Bart Vandaele - owner-chef of Belga Café
With his family background, it's hard to imagine Bart Vandaele in any business other than food. Born in Flanders in the west of Belgium, his grandfather was a butcher. His father's family had a grocery store that sold fresh vegetables. His parents ran a café with a dining hall behind for big events and Vandaele, owner and chef of Belga Café, the Belgian bistro and fine dining restaurant on Captol Hill, says he spent so much time there he was raised by the café's maitre d' and cleaning lady.
His father encouraged him to rebel and turn away from any thought of a future in a professional kitchen.
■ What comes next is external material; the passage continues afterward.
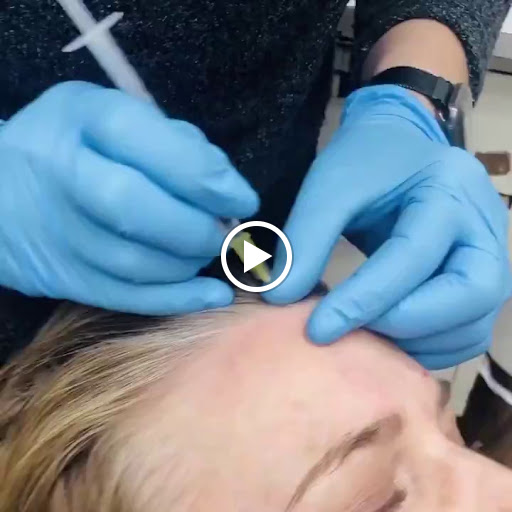 Find small palm tree tattoo ideas for your next unique tattoo in Eugene at Absolute Laser MD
But at 12 he went to cooking school in Bruges, doing stages all over Belgium from 14. The school he went to taught everything connected with catering - mathematics for accounting, business studies, knowledge of wine and beer and which work best with which dishes, and how to serve properly at table. "We also had to be the customer. If you're constantly in the kitchen, you can't understand what the customer wants."
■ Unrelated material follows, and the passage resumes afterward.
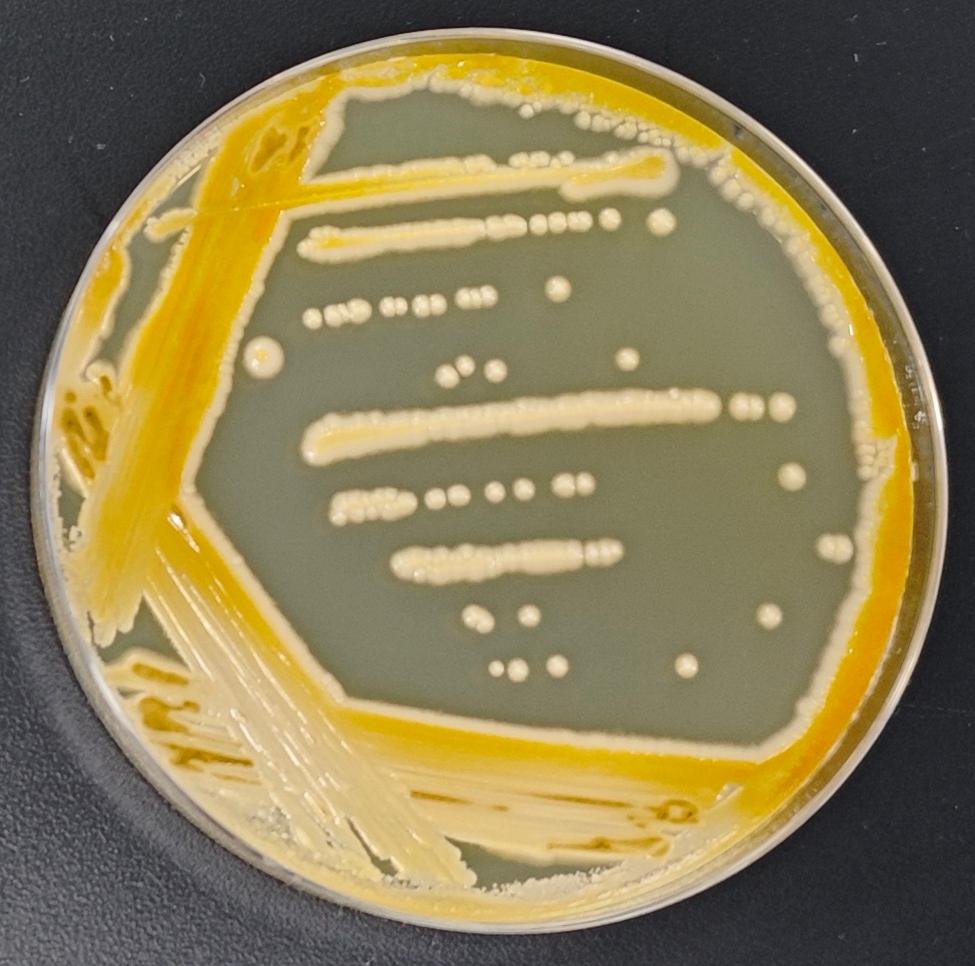 Short stem fungi genus-BNCC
He began his career in 1- and 2-star restaurants in Belgium and arrived in Washington as chef to the Dutch Embassy before working for the European Union ambassador. Seven years later he decided he had reached a ceiling. "I was saying to myself, okay, what now? I've worked as a private chef. Should I do a restaurant?"
One Thursday in 2003, he was mulling his future over having drinks with friends in Capitol Hill where he lives. The following Monday he got a phone call from a woman who said, I hear you want to open a restaurant. If you're interested, I can show you a place.
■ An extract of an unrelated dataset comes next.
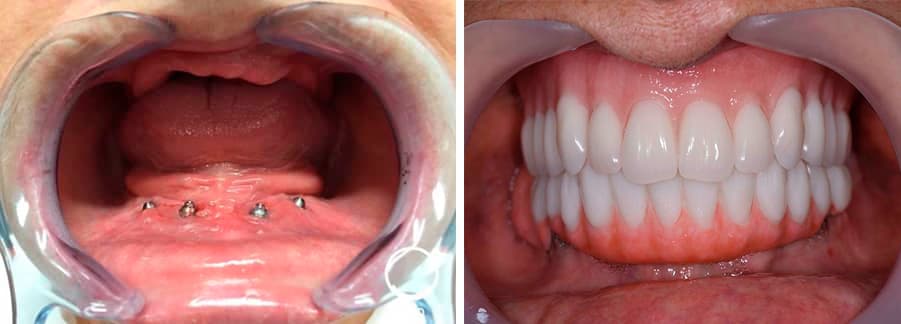 Implantes-all-on-four antes y depues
Vandaele showed up at the spot where Belga Café now sits and found absolutely nothing in it but bare walls. "But I thought, this is about the size I can use." He wasn't sure, however, what exactly he would use it for. He knew he wanted to do a Belgian restaurant but hadn't thought what kind of food - classic cuisine? Bistro fare?
"Then it became clear. I wanted to do Belgian-French fusion and Belgian-Belgian also. I wanted to do Euro fusion fine dining and a bistro, too."
So he let the design of the building mirror the menu. Both are divided. One side of the restaurant has finished decor (there's a saxophone on one wall in tribute to its Belgian inventor) while the other side is bare brick. One aspect of the menu covers Belgian bistro classics like moules frites - mussels with fries - various ways, and beer stews. On the other, fine dining dishes might include venison cooked with rhubarb, and duck breast with a sauce based on beer. This year the restaurant was nominated for the Restaurant Association of Metropolitan Washington's Neighborhood Gathering Place of the Year award.
Having begun in the business so early, he's still young, yet has already put 27 years into it. He's at home putting his hand to both sophisticated and rustic cooking. "I do this for a living. I slaughter pigs. I know how to kill a sheep. What makes Belgian cuisine so Belgian is it's down to earth. Most Belgians have a garden. They grown their vegetables. If it's big enough they have chickens, rabbits. They know about food, about seasons. If you are a restaurateur and you give strawberries in the winter, people go..." (Here he screws up his face in a disgusted grimace.) "You go into the garden and you say, what do we have to cook with today?"
He'd like to put planters on the roof of Belga Café and grow at the very least fresh herbs to snip. But he'd really love to have a restaurant in the country. Most of all, he'd like a life of endless vacation by the water feeding friends who drop in unannounced around 9.30 at night "for a little to eat, a little to drink".
Belga Café, 514 8th St SE, 202 544 0100.